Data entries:
[Start of section]

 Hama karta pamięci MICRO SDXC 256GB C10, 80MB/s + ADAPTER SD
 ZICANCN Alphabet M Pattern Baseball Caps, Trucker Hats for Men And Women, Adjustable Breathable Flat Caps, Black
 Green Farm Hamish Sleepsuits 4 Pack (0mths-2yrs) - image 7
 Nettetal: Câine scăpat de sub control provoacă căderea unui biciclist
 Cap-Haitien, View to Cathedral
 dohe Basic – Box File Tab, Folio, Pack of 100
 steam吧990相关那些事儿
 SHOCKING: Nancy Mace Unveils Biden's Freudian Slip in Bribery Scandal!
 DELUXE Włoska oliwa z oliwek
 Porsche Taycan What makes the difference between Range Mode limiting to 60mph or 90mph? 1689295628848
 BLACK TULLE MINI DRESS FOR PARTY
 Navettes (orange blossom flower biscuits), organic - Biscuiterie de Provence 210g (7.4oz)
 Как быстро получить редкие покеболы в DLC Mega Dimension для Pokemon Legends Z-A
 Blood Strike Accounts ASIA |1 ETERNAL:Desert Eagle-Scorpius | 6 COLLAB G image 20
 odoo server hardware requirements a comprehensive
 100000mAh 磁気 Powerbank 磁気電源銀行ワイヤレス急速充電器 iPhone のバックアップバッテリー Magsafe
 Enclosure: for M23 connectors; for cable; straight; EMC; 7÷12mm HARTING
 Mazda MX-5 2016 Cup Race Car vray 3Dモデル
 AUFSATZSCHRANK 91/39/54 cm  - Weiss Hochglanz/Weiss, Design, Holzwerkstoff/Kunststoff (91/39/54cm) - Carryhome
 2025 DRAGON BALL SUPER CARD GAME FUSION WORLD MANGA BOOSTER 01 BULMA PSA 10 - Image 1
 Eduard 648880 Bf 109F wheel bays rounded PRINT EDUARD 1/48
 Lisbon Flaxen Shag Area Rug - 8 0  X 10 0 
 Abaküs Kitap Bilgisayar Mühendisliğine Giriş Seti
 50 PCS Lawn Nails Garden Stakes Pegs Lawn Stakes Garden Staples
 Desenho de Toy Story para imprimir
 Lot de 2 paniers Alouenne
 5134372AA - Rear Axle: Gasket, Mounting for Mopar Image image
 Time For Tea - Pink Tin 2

[End of section]

§ Task prompt
An exact copy of the entries from the line containing "AUFSATZSCHRANK 91/39/54 cm" through the last line is the expected answer.

§ Your response
 AUFSATZSCHRANK 91/39/54 cm  - Weiss Hochglanz/Weiss, Design, Holzwerkstoff/Kunststoff (91/39/54cm) - Carryhome
 2025 DRAGON BALL SUPER CARD GAME FUSION WORLD MANGA BOOSTER 01 BULMA PSA 10 - Image 1
 Eduard 648880 Bf 109F wheel bays rounded PRINT EDUARD 1/48
 Lisbon Flaxen Shag Area Rug - 8 0  X 10 0 
 Abaküs Kitap Bilgisayar Mühendisliğine Giriş Seti
 50 PCS Lawn Nails Garden Stakes Pegs Lawn Stakes Garden Staples
 Desenho de Toy Story para imprimir
 Lot de 2 paniers Alouenne
 5134372AA - Rear Axle: Gasket, Mounting for Mopar Image image
 Time For Tea - Pink Tin 2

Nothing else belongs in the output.